The Astros have not been playing well since the end of May. They have the second-worst record in all of baseball at 42-63, only half a game up on the Texas Rangers. With George Springer on the disabled list, the team doesn’t look to be winning at a higher pace anytime soon. This is where Porter needs to use his reputation as a player’s manager to keep his players focused on the field.
Enough is going wrong in Houston at the moment with stories popping up almost daily about the shortcomings of the front office. The Appel issue does not need to be added to the fire. There are many players on the team that probably won’t be there for the long haul and that works against Porter’s chances to lift the team’s moral.
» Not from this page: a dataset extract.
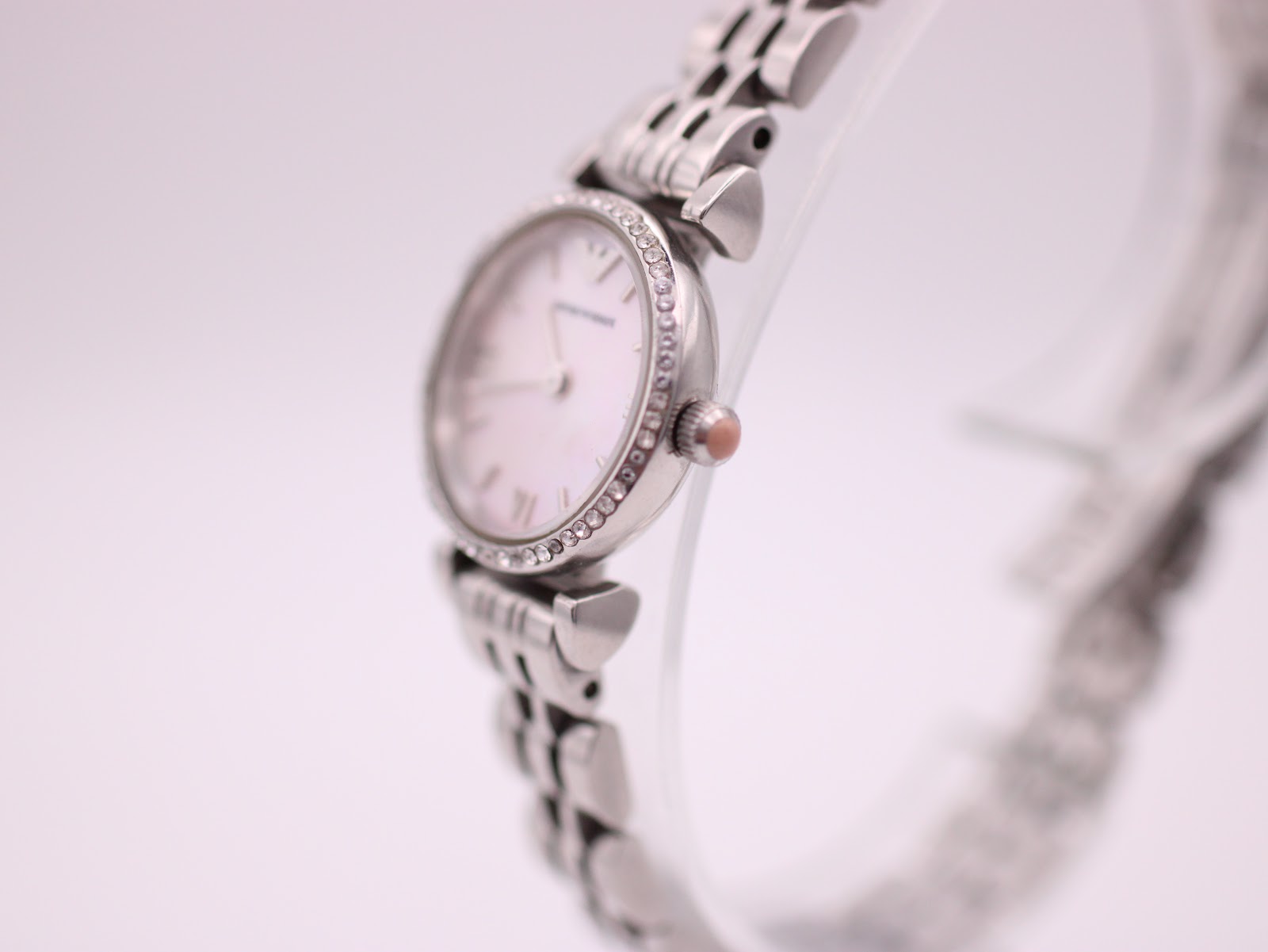 Side profile view of the Emporio Armani AR-1781 watch, showing the polished stainless steel case, crystal bezel, and small crown.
If he can show that he is capable of leading a young team that has had to deal with many obstacles, many formed by their own front office, there is no reason to think Porter cannot stick around in an Astros’ uniform for the time being.
Porter is only nine wins away from matching his total from last year. If he can wade through the mess the front office has put in front of his team, as well as finishing with a better record, Porter should get another year at managing the club based on that merit alone. He has yet to have a roster filled with significant major-league talent. You cannot blame the losses on a manager that has a lineup that consists of maybe three to four everyday MLB players.
Once the Astros decide to spend some real money on the roster after they start calling up more talent from their farm system, the front office can begin to actually judge Porter’s ability to manage a ball club. Anything less would be unfair and unjust to a major-league manager in his first gig. It would only strengthen the case for negative feedback for an Astros’ organization that has been viewed as looking out only for what’s in their best interest.